Estate and Elder Law

Using Gifts in Estate Planning


Mark Jordan, Managing Partner at The Drew Law Firm, has launched a series of articles providing helpful information on estate planning through a question and answer format. Part I of the series follows.


Q:
Why are gifts useful in estate planning?
 
A:
Gifts remove assets from your estate. Shrinking the estate reduces estate taxes, probate costs, and estate administrative expenses. You will benefit even more if the asset you are gifting is likely to appreciate in value during your lifetime, since you will be saving the estate taxes on the potential growth.
 
Q:
What is a gift?
 
A:
A gift is any transfer, sale, or exchange of property from you to the donee for less than full consideration.
 
Q:
How much may be given tax free?
 
A:
As of January 1, 1009, you may give up to $13,000 each calendar year to each person completely gift tax free.
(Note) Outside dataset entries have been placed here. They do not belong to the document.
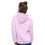 Thumbnail: Lift now Wine later hoodie Pink Unisex hoodie mixed color text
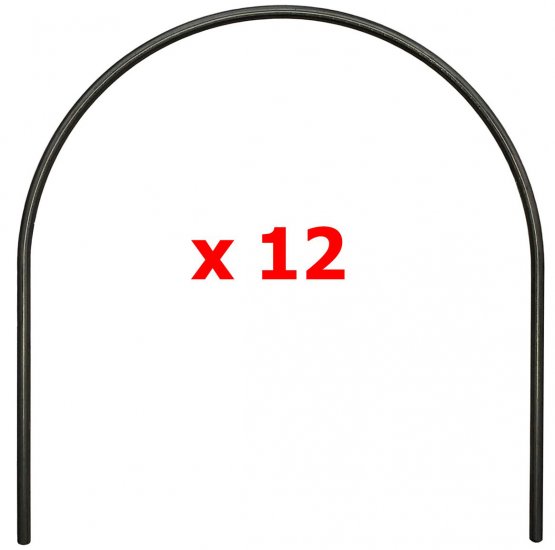 GEHSR-S12 Garden Edging Hoops (RAW) - 12 Pack - Click Image to Close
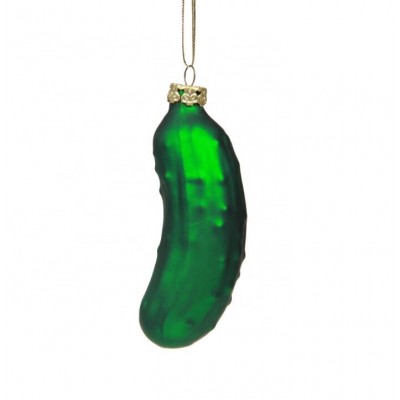 Xmas holiday decoration hanging christmas tree pickle ornament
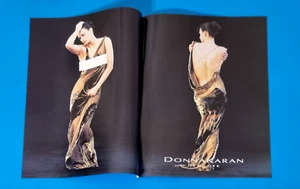DEMI MOORE in Magazine Print AD 2 Page Fashion Footwear Long Gown Legs Shoes - Picture 1 of 2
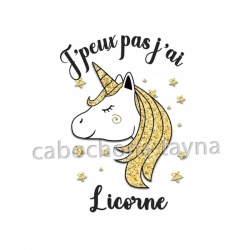 j'peux pas j'ai licorne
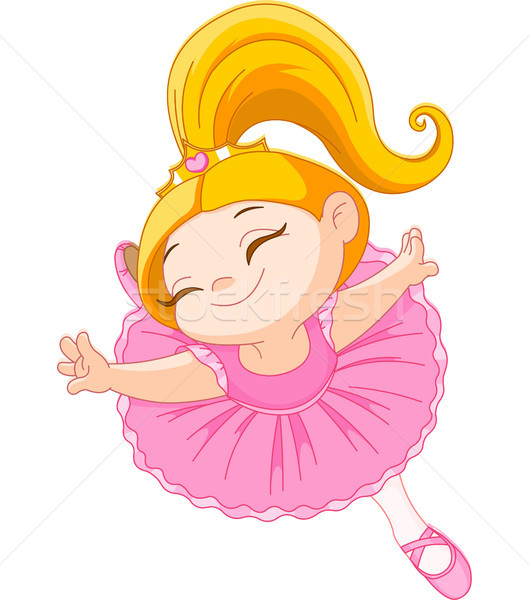 Kicsi ballerina boldog balett ugrás tánc Stock fotó © Dazdraperma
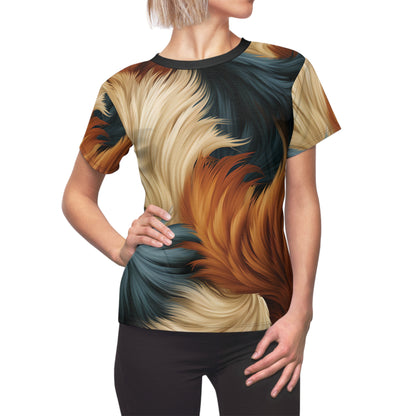 Alf and Border Collie Dog Fur Fusion T-Shirt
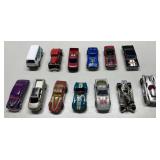 Lot of vintage toy cars-variety of brands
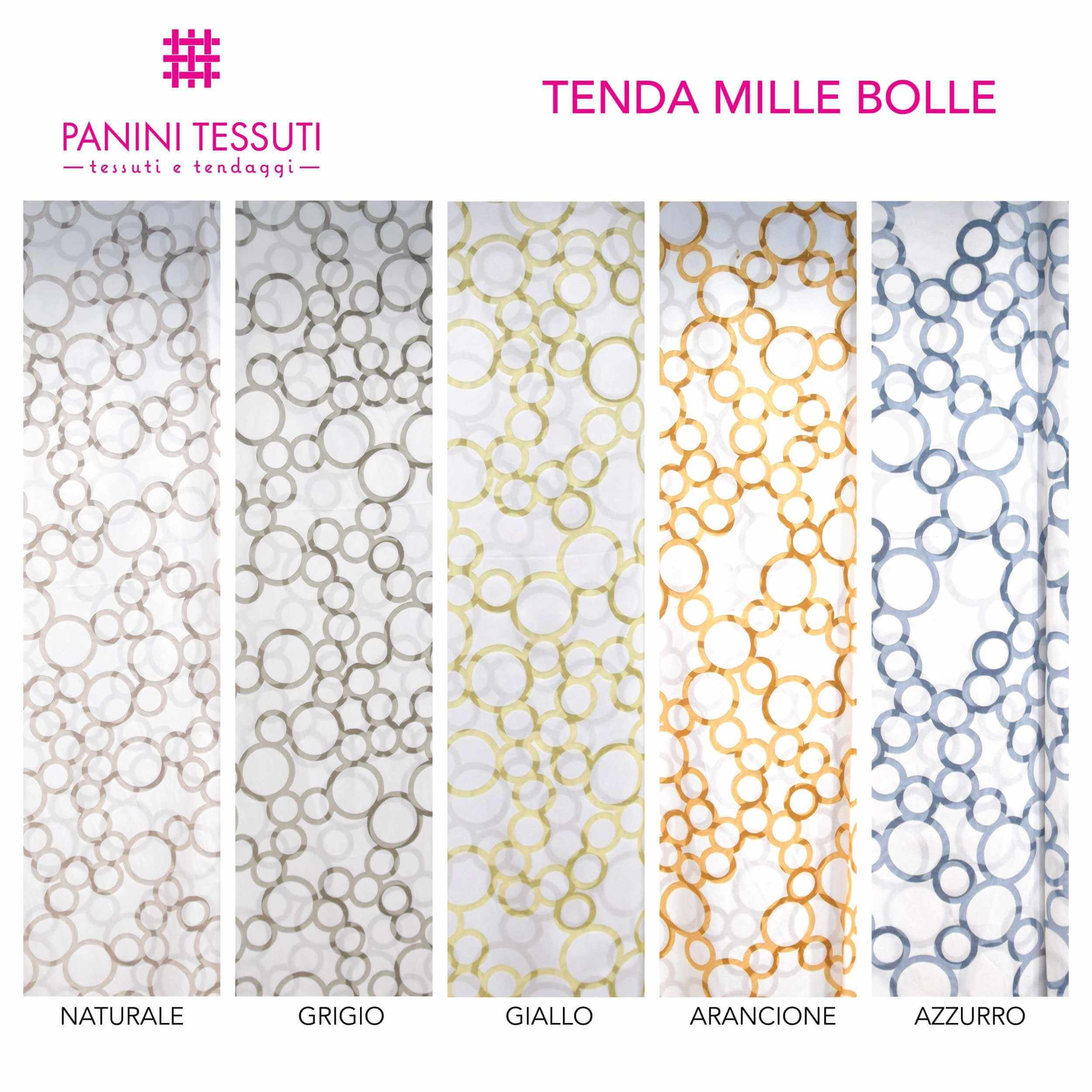 Tenda Mille Bolle Tabella Colore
If you are married and your spouse joins in the transfer, the annual gift tax exclusion is $26,000 per donee (even if all of the assets come from you).

In addition, your applicable exclusion amount (sometimes called the unified credit or lifetime exemption) enables you to give an extra $1,000,000 ($2,000,000 if your spouse joins you) of lifetime gifts without a penny of gift tax.

None of your charitable contributions count towards either the annual gift tax exclusion or the lifetime exemption. You may give an unlimited amount to a charity without the payment of any tax. Also, any amount paid directly to a university for the donee's tuition, room and board, or to a medical facility for the donee's medical expenses are not treated as taxable gifts.